Under The Stars of Africa – Part 1
Four glorious weeks of freedom, a dilapidated Land Rover, old school roadmaps and a navigator with no sense of direction (that’s me). All the elements were there for the making of a great misadventure and with the electrics of our car catching fire on the first night, our trip through East Africa did not disappoint.
For most travellers, the highlight of their trip to Africa is a face-to-face encounter with a member of the big five or to witness the great wildebeest migration across the Serengeti.
Our trip was no different and the thrill I felt when staring down my lens and into the fearless eyes of a battle-worn lion was everything I expected it to be and more.
However, what made our trip different from most was what happened when we returned to camp at night. There were no champagne bottles on ice or fancy safari lodges or posh glamping tents with luxurious bedding waiting for us. There was just our rooftop tent, our box of warm wine and a simple pasta dish cooked over our gas plate. And very often an unexpected encounter with wild Africa.
At Fisherman’s Camp, a herd of resident hippos – one just three days old – would emerge from the lake in the evenings and graze quietly on the banks of the camp. We were reassured that for our own safety we were surrounded by an electric fence although personally, I have my doubts as to whether it was even active.
Through Hell’s Gate and a Meeting with a Local
Our camp at Hell’s Gate was much more isolated. With towering cliffs and billowing steam caused by intense geothermal activity, it’s a pretty impressive National Park for its size and we were surprised when we realised there was not a single other camper staying the night. We set up camp high on the ridge to be able to capture what I hoped would be a spectacular view at first light.
That evening, when my husband had wandered off for a toilet break, I was left to sit in the dark and soak up the sounds of the bush at night. As I did, I heard someone slowly and quietly approaching from behind. Not only had my husband walked off in the opposite direction, he wouldn’t try to sneak up on me in the dark.
Footsteps came closer, my heart was thumping, my hands sweaty and I realised I was holding my breath. I was scared and completely on my own – my husband was nowhere in sight. As the footsteps got even closer I leapt up and spun around with the torch on full power ready to face my attacker.
All I managed to do, however, was scare the bejeesus out of the curious baboon standing behind my camp chair. He scampered off just as my husband nonchalantly wandered back to our camp, completely oblivious to what all the fuss was about or why my heart rate was through the roof!
Our Journey Continues..Eventually
Our adventures through Kenya continued, although we were hindered by a batch of dirty fuel which continually blocked our fuel lines and clogged our fuel filter. Unable to find replacement parts, we limped further south towards the Tanzanian border.
Coming to the realisation that we wouldn’t make it to the border before dark, we found a lodge that someone had suggested may let us camp on their grounds for the night.

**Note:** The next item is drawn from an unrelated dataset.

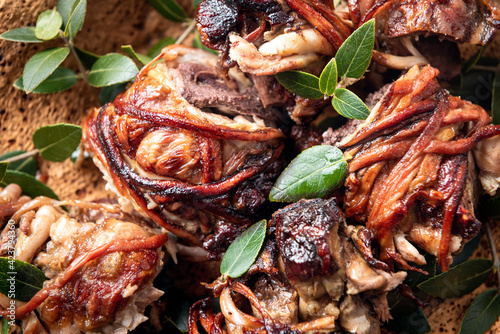 Fototapeta Naklejka Na Ścianę i Meble -  Trattalia, interiora di agnello arrostite allo spiedo, cucina della tradizione agro-pastorale sarda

They kindly let us stay and we took advantage of their hospitality with hot showers (heaven!) and laundry hung from every part of our vehicle.
I’m sure the mere presence of our beat up old landrover, our dirty laundry and our dusty tent devalued their property, but we were made to feel just as welcome as the rest of their guests. And while their other guests were enjoying a meal and drinks in the five-star restaurant, we were enjoying a million star view of the Milky Way as it rose over our camp.
Ps. Crossing the border from Kenya into Tanzania with our car the next day was considerably less enjoyable. Trouble abounded, confusion reigned, and it was several hours before we figured out that the production of a $20 note could clear up the “confusion”. That transaction completed, we were given the paperwork needed to get the car across the border and continue our journey.